Switchboard Quickstart Guide

Let’s go through a simple pipeline that pulls a data file from Amazon S3, applies a simple data transformation, and uploads the transformed result back to Amazon S3.

Prerequisites

Before you begin, ensure you have:

  1. Amazon AWS IAM Key/Secret Pair
  2. Bucket Path
  3. File Path

Getting Started

To start using Switchboard, you need to:

  1. Add credentials to the system
  2. Draft a Recipe
  3. Create a data pipeline

Add Credentials to the System

To add a new Amazon AWS IAM Key/Secret Pair:

  1. Log in to the Dashboard.
  2. From the left pane, click on the Keys tab.
  3. In the Keys window, click Add Key
  4. In the Add Key window, select AWS from the Credential Type drop-down.
  5. Enter the Key Name, AWS ID, and AWS Secret.
  6. Click Save to add the key to the system. AWS Key

This key can now be used in the AWS recipe.

 Note: The Amazon AWS IAM Key/Secret Pair must have read access to the source bucket.

Draft a Recipe

To draft a recipe:

  1. Navigate to Scripts and select Drafts.
  2. Click Create Draft.
  3. The Draft Editor opens where you can draft new recipes.

The Draft Editor displays all the recipes. Draft Editor

  1. Draft Name - The name of the draft.
  2. View Test Runs - Allows to view the test results
  3. Save - Allows to save the recipe in the draft.
  4. Test - Allows to test the recipe. You can test the recipe with existing or new downloads.
  5. Publish - Publish the recipe
  6. Files - Displays all the recipes available in the draft.
  7. Imports - The names of all recipe imports in your account.
  8. Exports - The names of all recipe exports in your account.
  9. Keys - The names of available credentials in your account.
  10. Schemas - A set of pre-defined schemas that can be used in your recipes.

Create a data pipeline

To create a data pipeline to connect a file in AWS S3 to a table in Google BigQuery:

Setup an Import

The import statement defines the data we want to download. In this case, the type of download is s3_ng, which is Switchboard’s import type for files stored on S3.

There can be many different files stored in an S3 bucket. To notify Switchboard which files to choose, use the pattern parameter. In this case, our recipe notifies Switchboard to only look for the file test.csv. To match everything in the bucket, use the wildcard s3://my_s3_bucket/.
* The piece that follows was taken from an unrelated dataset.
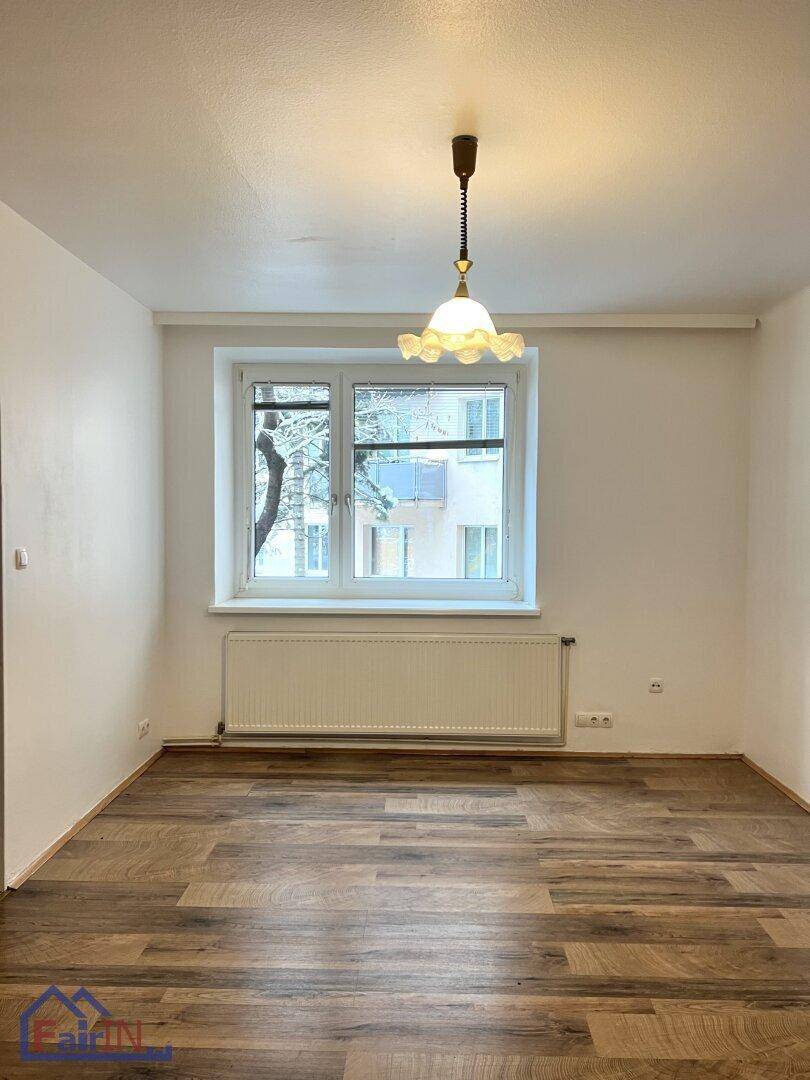 Geräumiger Wohnbereich mit Holzfußboden und Fenster mit Blick auf die Umgebung.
Switchboard supports a lot of other patterns. For more information on Specifying Patterns, see the Amazon S3 Connector.

Since CSV files do not provide their own schema, we need to provide Switchboard the name and type of each column in the using block. The test.csv file contains 3 columns: name, date, and value. We’ve defined their datatypes below. In addition, Switchboard adds the filename to S3 imports automatically.

Syntax:

import my_csv_from_s3 from {
    type: "s3_ng";
    pattern: "s3://my_s3_bucket/test.csv";
    key: "aws_key";
} using {
    filename: string;
    name: string;
    date: datetime;
    value: integer;
};

Setup an Export

The Export statement describes where and how data should be exported. Switchboard can support a number of file formats. In this case, we want a CSV format that is compressed with gzip. The headers parameter (which can either be true or false) notifies Switchboard to include a row of column names at the top of the file. If you want to split a large file up into pieces, use the partition_count parameter and tell Switchboard how many pieces to use. In this case, we just want one file, so this is set to 1.

Syntax:

export my_transformed_csv_data to {
    type: "s3_ng";
    destination: "s3://my_s3_bucket/my_export_file.csv.gz";
    key: "aws_key";
    
    headers: true;
    format: "csv";
    compression: "gzip"; 
    partition_count: 1;
 };

Add the Test Destination

To test a project, provide a test destination where the exported data will be sent. In the export block, add the following: test_destination: “test_file_path”;. The export block will now look like this:

Syntax:

export my_transformed_csv_data to {
    type: "s3_ng";
    destination: "s3://my_s3_bucket/my_export_file.csv.gz";
    key: "aws_key";
    
    headers: true;
    format: "csv";
    compression: "gzip"; 
    partition_count: 1;
    
    test_destination: "s3://my_s3_bucket/my_export_file.csv.gz";
};

Add a data transformation to the pipeline

To transform the data along the way, we will now add a transformation step. Let’s add a new column to our source data, which will add a timestamp when the data is processed by Switchboard. The syntax is quite similar to an SQL statement:

Syntax:

table my_transformed_csv_data is
    select
        name,
        date,
        value,
        processing_datetime() as processed_timestamp
from my_csv_from_s3;

Here, we are creating a table called my_transformed_csv_data from the source data:

  • selecting all the columns and
  • adding a new column called processed_timestamp. This new column is generated by Switchboard using the built-in processing_datetime function.

Publish your Script

Once you are satisfied with your Switchboard Script, click Publish. Your recipe will run immediately.